Pipelines that fail like CI/CD: whose fault, and what to do

· 3 min read
Tosin Akinosho
Helmdeck maintainer

When a CI job fails, you don't just learn that it failed — you learn which step, with what error, and usually whether it's your code, a flaky runner, or a config problem. helmdeck pipelines didn't give you that. A failed run recorded a flattened string —

step "render": timeout: handler deadline exceeded

— and a red badge. Useful, but it left the most important question unanswered: whose fault, and what do I do now? That question matters more when the thing reading the failure is an agent, because the wrong answer is "try the exact same thing again."

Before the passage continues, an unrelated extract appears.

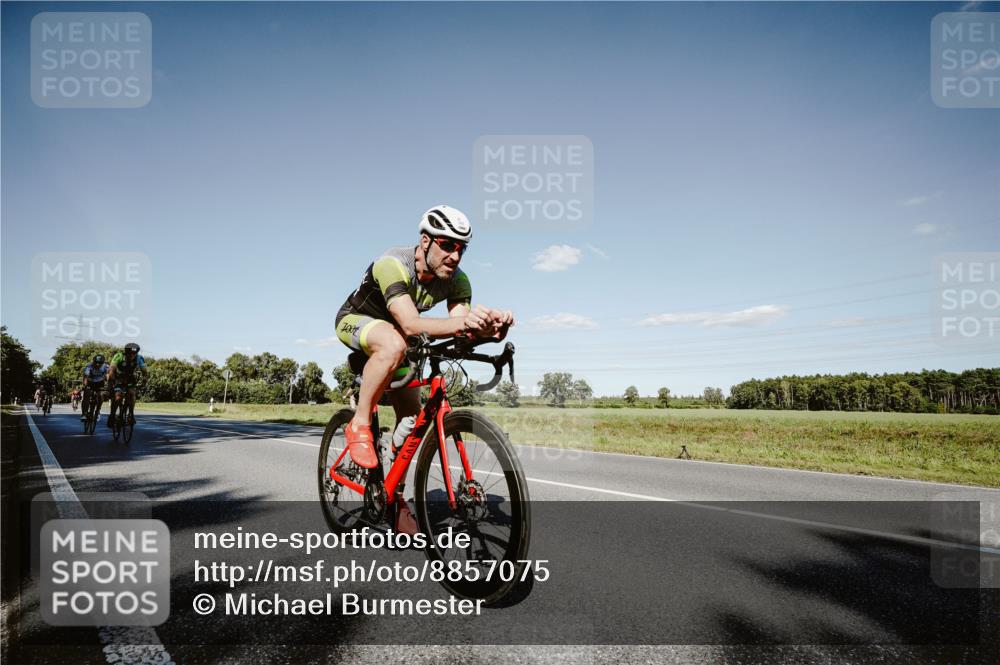 07.09.2025 - 19. Norderstedt Triathlon Michael Burmester http://msf.ph/oto/8857075 07.09.2025 15:28:03 Radfahren 376, 397, 923, 1464, 1503 meine-sportfotos.de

Attribution, not just an error

Every pack failure already carries a typed error code. The pipeline runner now reads that code at the point a step fails and attaches a failure class plus a one-line reason. There are four:

  • caller_fixable — the inputs or model handed to the step were wrong (e.g. a model the gateway can't route). Fix them and re-run. The agent that built the run can usually fix this itself.
  • pack_bug — a code-level error inside helmdeck: a handler failed in an uncategorized way, violated its own output contract, or hit an engine invariant. This is not your input's fault, so the reason hands you a prefilled GitHub issue link — pack name, error code, and message already filled in — to report it in one click.
  • transient — a timeout, a session that couldn't be acquired, an artifact-store blip. Re-running may simply work.
  • state_changed — the world moved under the step (a non-fast-forward push, say). Refresh and re-run.

The class and reason show up everywhere the run does: GET /api/v1/pipelines/{id}/runs/{runId}, the helmdeck__pipeline-run-status MCP tool, and the Management UI's run view — with a colored badge and, for a pack_bug, a Report bug button.

And then: re-run

Once you know why, you want to act. The first action is the simplest one CI gives you: re-run. POST …/runs/{runId}/rerun (and the helmdeck__pipeline-rerun tool, and a button) starts a fresh run with the same pipeline and inputs. Fixed a caller_fixable input? Re-run. Hit a transient blip? Re-run.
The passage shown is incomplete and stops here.